- **WORK ORDER**:
Beginning with the line that contains "the Washington Monument.", retype the entries below exactly, ending with the line that contains "Close-up of pink". Leave out any pictures.

- **RECORDS SUPPLIED**:
------------------------------------------------------------------------

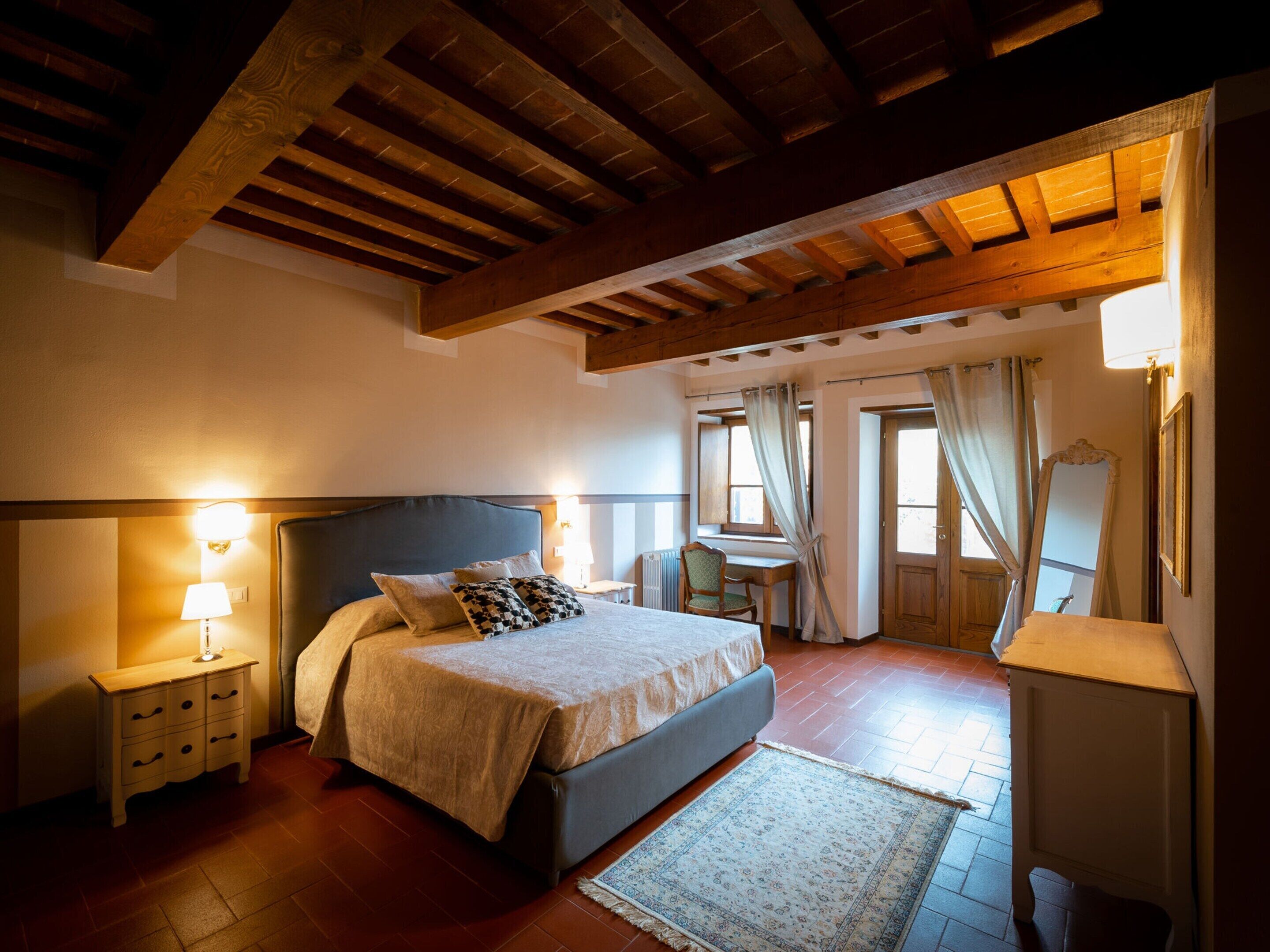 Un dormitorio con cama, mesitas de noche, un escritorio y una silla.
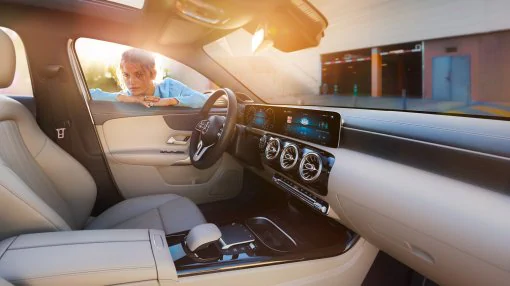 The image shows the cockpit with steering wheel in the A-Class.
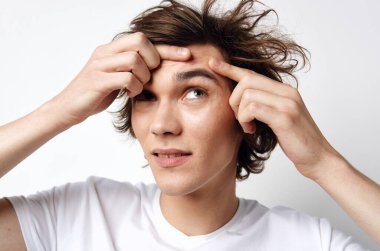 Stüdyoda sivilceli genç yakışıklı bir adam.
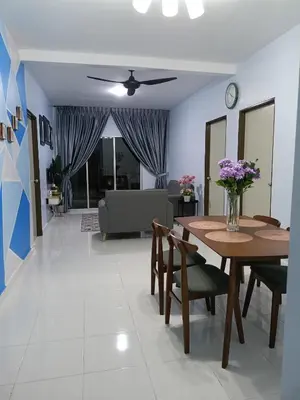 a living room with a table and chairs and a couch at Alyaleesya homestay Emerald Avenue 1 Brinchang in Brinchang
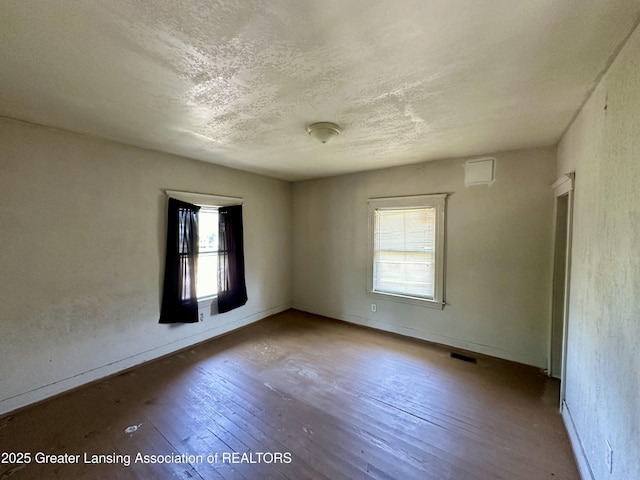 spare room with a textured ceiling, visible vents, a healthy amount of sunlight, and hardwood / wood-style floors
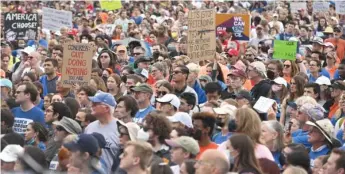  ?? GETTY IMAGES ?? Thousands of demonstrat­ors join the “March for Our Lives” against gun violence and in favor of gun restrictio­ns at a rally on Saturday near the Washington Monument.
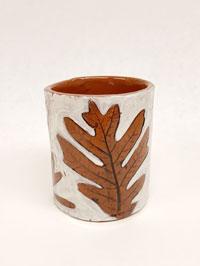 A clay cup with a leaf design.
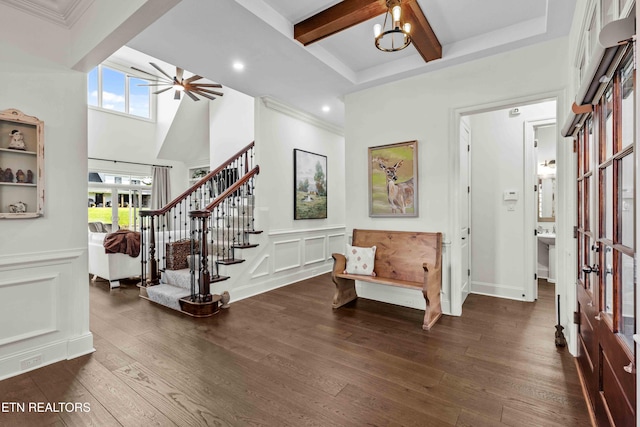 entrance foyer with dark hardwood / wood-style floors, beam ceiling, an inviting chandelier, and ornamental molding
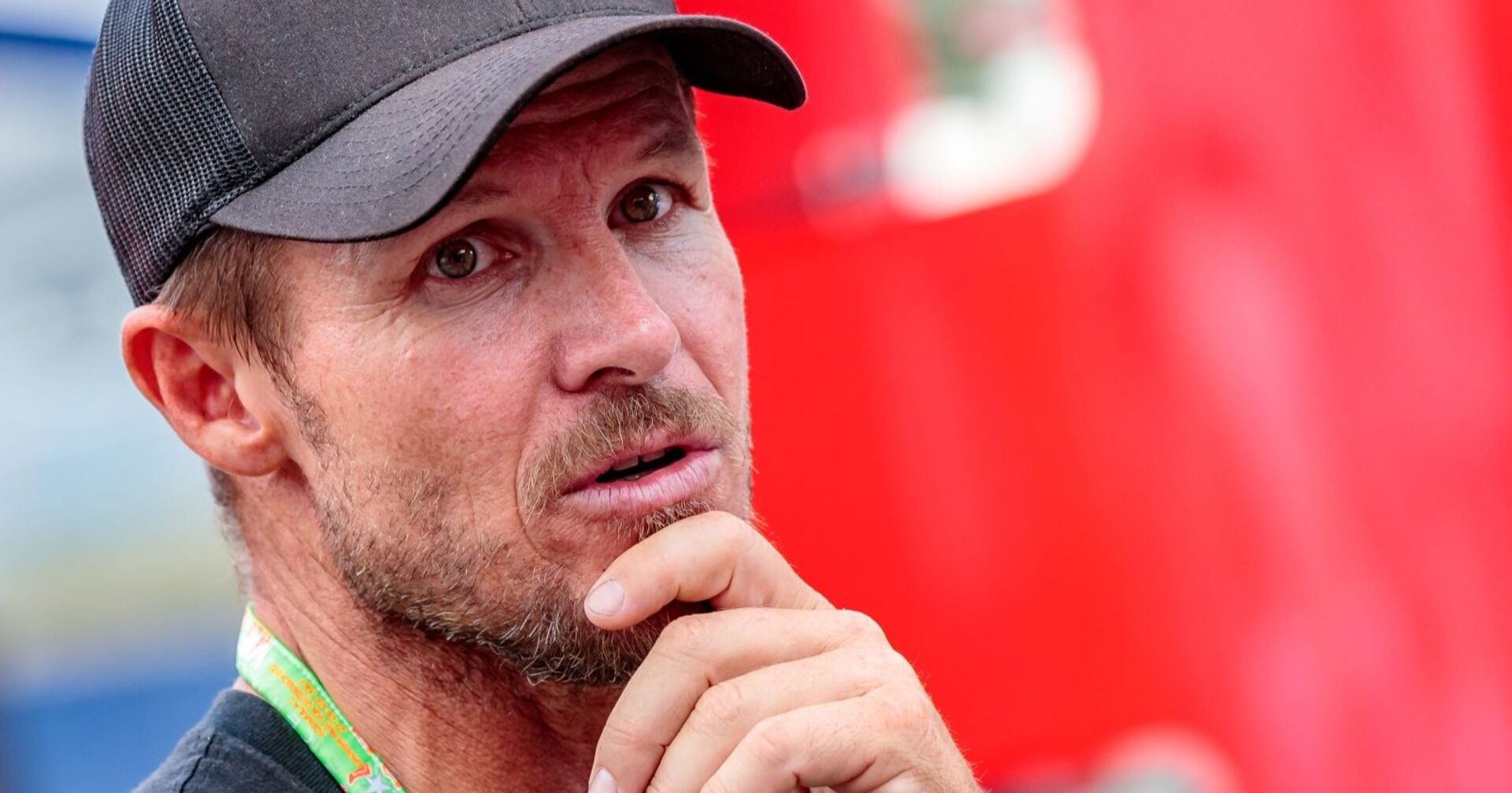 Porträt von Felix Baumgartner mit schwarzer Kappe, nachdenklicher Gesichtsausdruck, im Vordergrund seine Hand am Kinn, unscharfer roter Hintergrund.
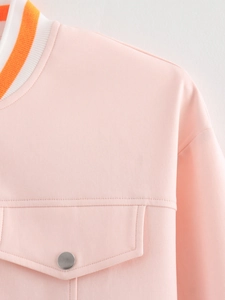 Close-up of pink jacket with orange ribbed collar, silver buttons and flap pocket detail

------------------------------------------------------------------------

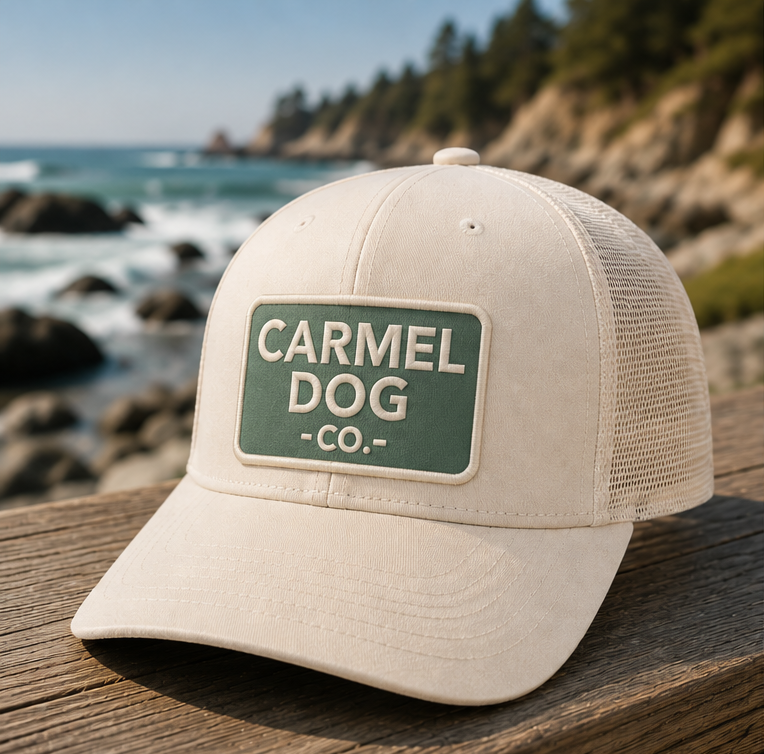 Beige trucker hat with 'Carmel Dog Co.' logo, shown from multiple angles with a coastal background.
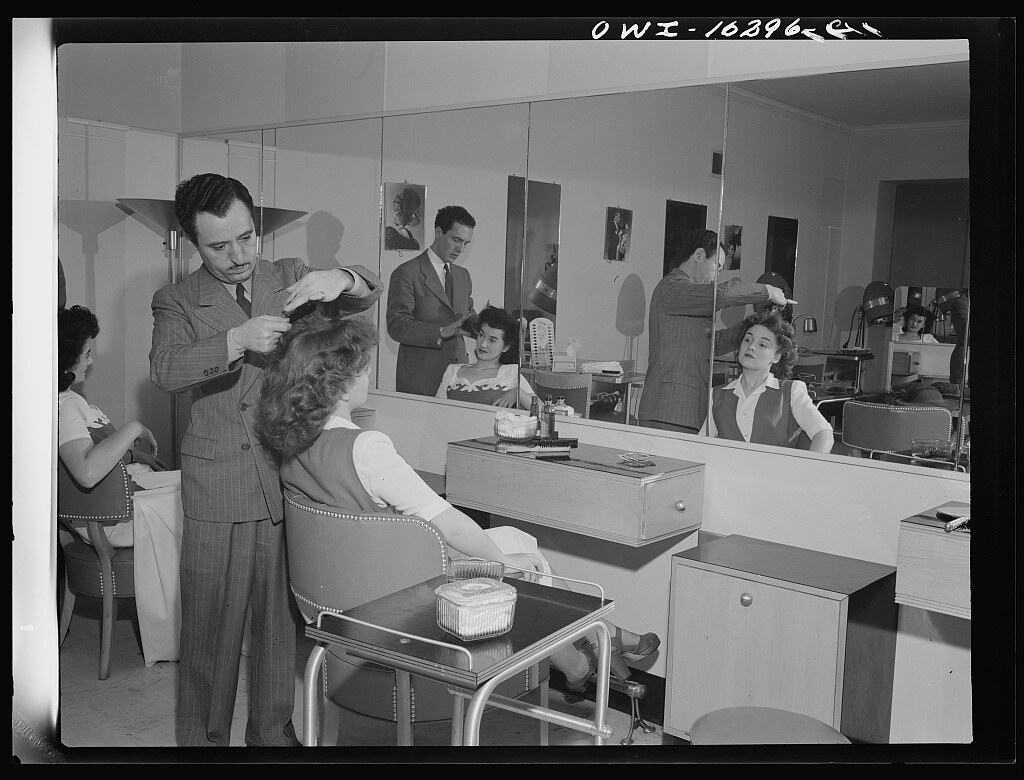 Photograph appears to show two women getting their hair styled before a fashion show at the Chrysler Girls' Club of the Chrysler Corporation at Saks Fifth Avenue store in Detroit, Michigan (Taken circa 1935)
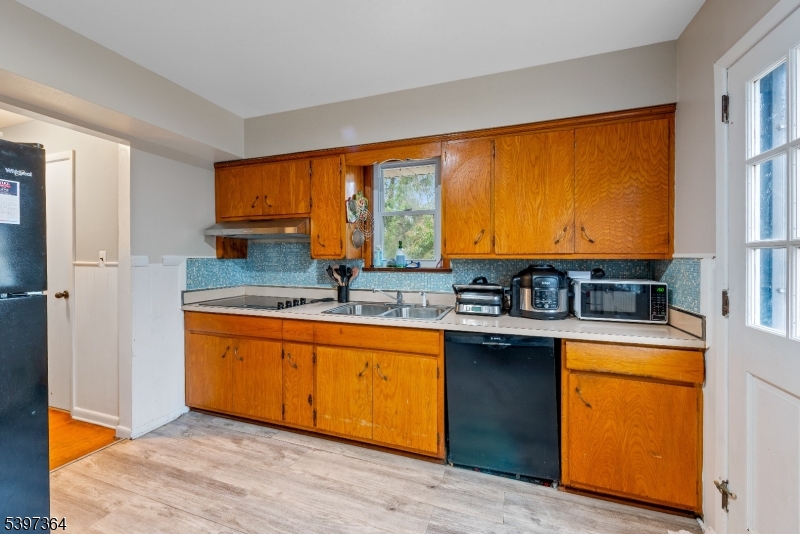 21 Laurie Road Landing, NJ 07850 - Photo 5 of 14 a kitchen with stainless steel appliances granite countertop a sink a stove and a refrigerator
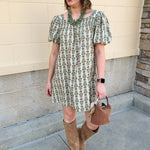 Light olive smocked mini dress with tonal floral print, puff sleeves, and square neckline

------------------------------------------------------------------------

- **WRITTEN ANSWER**:
  ?? GETTY IMAGES ?? Thousands of demonstrat­ors join the “March for Our Lives” against gun violence and in favor of gun restrictio­ns at a rally on Saturday near the Washington Monument.
 A clay cup with a leaf design.
 entrance foyer with dark hardwood / wood-style floors, beam ceiling, an inviting chandelier, and ornamental molding
 Porträt von Felix Baumgartner mit schwarzer Kappe, nachdenklicher Gesichtsausdruck, im Vordergrund seine Hand am Kinn, unscharfer roter Hintergrund.
 Close-up of pink jacket with orange ribbed collar, silver buttons and flap pocket detail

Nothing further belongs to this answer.